Tüm bu nedenlerle, davanın kısmen kabulüne, kısmi itirazın kısmen iptaline, takibin 925,00 TL asıl alacak üzerinden devamına, alacak çekişmeli olduğundan ve ancak yargılama sonucunda belirlendiğinden icra inkar tazminatı talebinin reddine, karar vermek gerekmiş ve aşağıdaki şekilde hüküm kurulmuştur.
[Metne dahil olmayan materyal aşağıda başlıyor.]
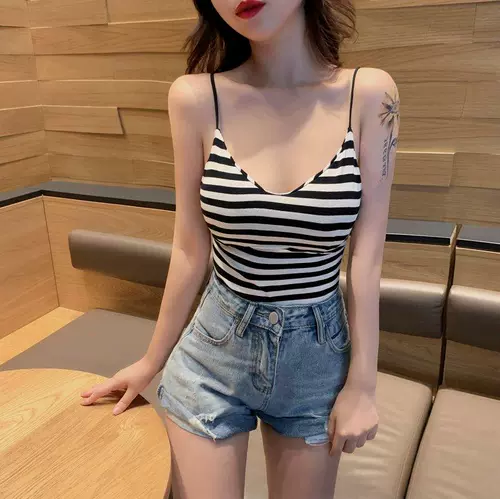 Свежая базовая приятная телу брендовая майка топ, в корейском стиле, красивая спина, V-образный вырез, популярно в интернете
HÜKÜM / Yukarıda açıklanan nedenlerle:
Davanın KISMEN KABULÜNE, kısmi itirazın kısmen iptaline, takibin 925,00 TL asıl alacak üzerinden devamına, icra inkar tazminatı talebinin reddine,
2-Karar tarihinde yürürlükte bulunan harçlar tarifesi gereğince hesaplanan 63,19-TL nispi karar ve ilam harcından, başlangıçta yatırılan 118,55-TL peşin harcın mahsubu ile bakiye 55,36-TL harcın karar kesinleştiğinde talep halinde davacı tarafa iadesine
3-Davacı tarafından yatırılan 63,19 TL peşin harcın davalıdan tahsil edilerek davacı tarafa verilmesine,
4-Davacı tarafından yapılan posta, tebligat, bilirkişi müzekkere masraflarından oluşan toplam 3.392,80,-TL yargılama giderinden, davanın kabulü reddi oranında yapılan hesaplama neticesinde 452,28 TL yargılama giderinin davalıdan tahsil edilerek davacı tarafa verilmesine, bakiye kısmın davacı üzerinde bırakılmasına,
5-Davacı kendisini vekille temsil ettirdiğinden, davanın kabul edilen miktar itibariyle Avukatlık Asgari Ücret Tarifesi gereğince 925,00 TL vekalet ücretinin davalıdan alınarak davacıya verilmesine,
6-Davalı kendisini vekille temsil ettirdiğinden, davanın reddedilen kısmı üzerinden, karar tarihinde yürürlükte bulunan Avukatlık Asgari Ücret Tarifesi 13.maddesi gereğince maktu 2.725,00- TL maktu vekalet ücretinin davacıdan alınarak davalıya verilmesine,
7-Davacı ve davalı tarafından yatırılan gider avansından bakiye kalan kısmın, karar kesinleştiğinde ve talep halinde taraflara iadesine,
Dair, taraf vekilinin yüzlerine karşı tebliğden itibaren 15 gün içerisinde Yargıtay Temyiz yolu açık olmak üzere karar verildi.11/02/2019

Katip … Hakim …
¸e-imzalıdır ¸e-imzalıdır
5070 Sayılı Kanun gereğince e-imza ile imzalanmıştır.